D’après le résultat non vérifié de cette soumission, à laquelle dix adjudicataires avaient participé, la société à responsabilité limitée …, a été classée en première position, avec une offre de 2.683.822.- francs (TTC), devant l’entreprise de toitures F.S., qui avait offert la réalisation des travaux pour 2.687.085.- francs (TTC), suivie des huit autres soumissionnaires.
Suite à la vérification arithmétique et l’analyse technique des offres par la société à responsabilité limitée . H. - Architectes et Urbanistes, un tableau comparatif définitif fut dressé le 2 juillet 2001. Il se dégage dudit tableau que le classement des offres a été redressé et que l’offre la moins-disante devint celle de l’entreprise S. (2.314.596.- francs (hors taxes) – 2.661.785.- francs (TTC)) devant celle de la société … (2.333.758.- francs (hors taxes) – 2.683.822.- francs (TTC)).
Lors de sa réunion du 18 juillet 2001, le collège échevinal de Bertrange attribua le marché à l’entreprise S..
Par lettres du 19 juillet 2001, ledit collège échevinal informa la société … ainsi que les autres soumissionnaires dont les offres n’avaient pas été retenues de la décision d’adjudication en faveur d’une entreprise concurrente.

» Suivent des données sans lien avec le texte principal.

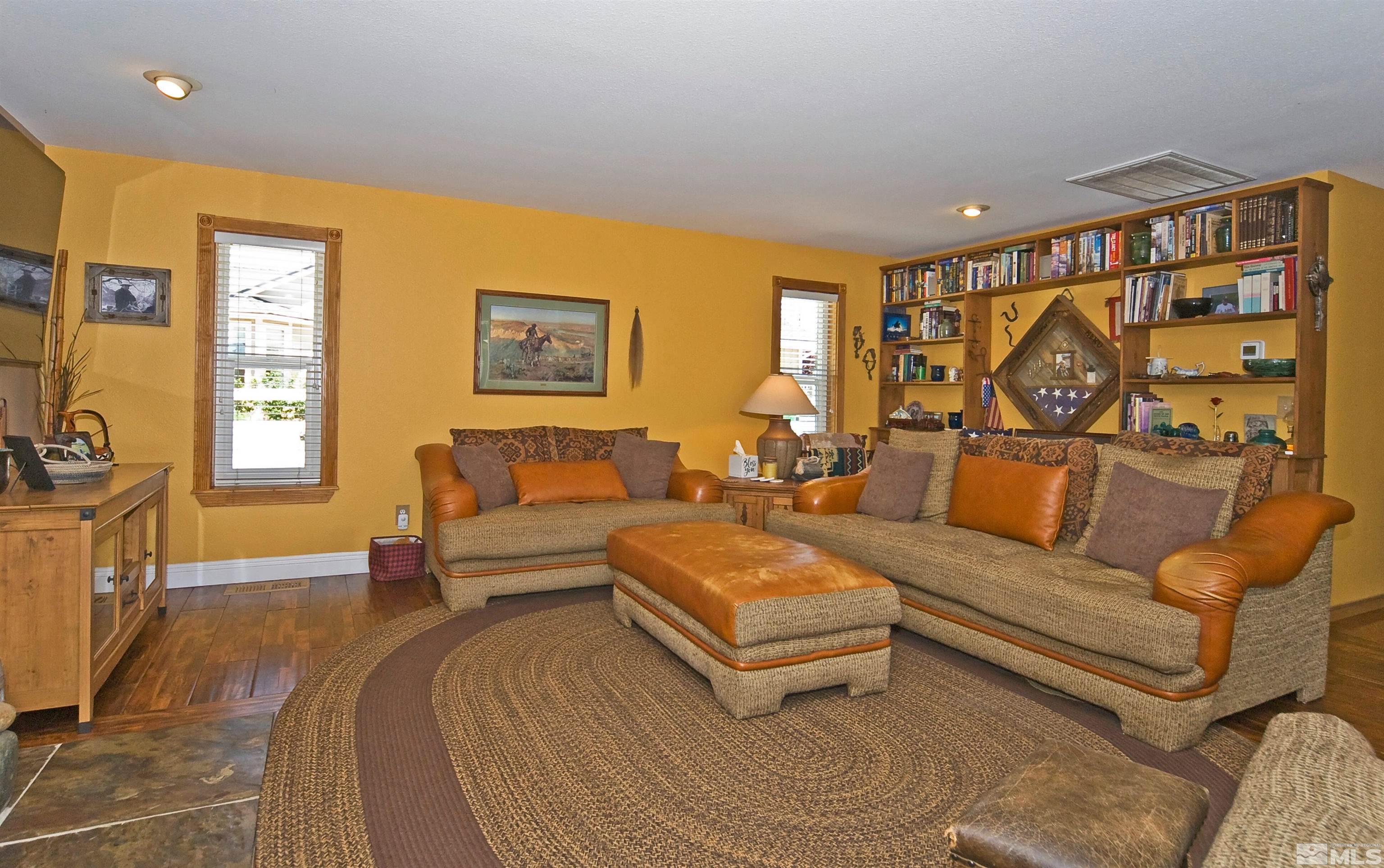 25 Martell Place Property Photo 18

Lesdites lettres ne mentionnent pas le nom de l’adjudicataire, mais elles précisent que la décision d’attribution du marché et son corollaire, à savoir le fait que leurs offres respectives n’avaient pas été retenues, étaient motivés par l’existence d’une offre jugée être économiquement plus avantageuse.
3 Par requête du 19 octobre 2001, la société …. a introduit un recours tendant à la réformation sinon à l’annulation de la « décision de l’Administration Communale de Bertrange du 18 juillet 2001 » et de la décision d’adjudication précitée du 18 juillet 2001.
Etant donné que l’administration communale de Bertrange a fait préciser par son mandataire qu’en dehors de la décision d’adjudication prise par son collège échevinal le 18 juillet 2001, aucune autre décision n’avait été prise relativement à ladite soumission publique et que la partie demanderesse, d’après le dernier état de ses conclusions, précise que son recours ne vise que la seule décision d’adjudication prise par le collège échevinal de la commune de Bertrange le 18 juillet 2001, il convient d’analyser la compétence du tribunal saisi, ainsi que respectivement la recevabilité et le bien-fondé du recours sous ce seul rapport.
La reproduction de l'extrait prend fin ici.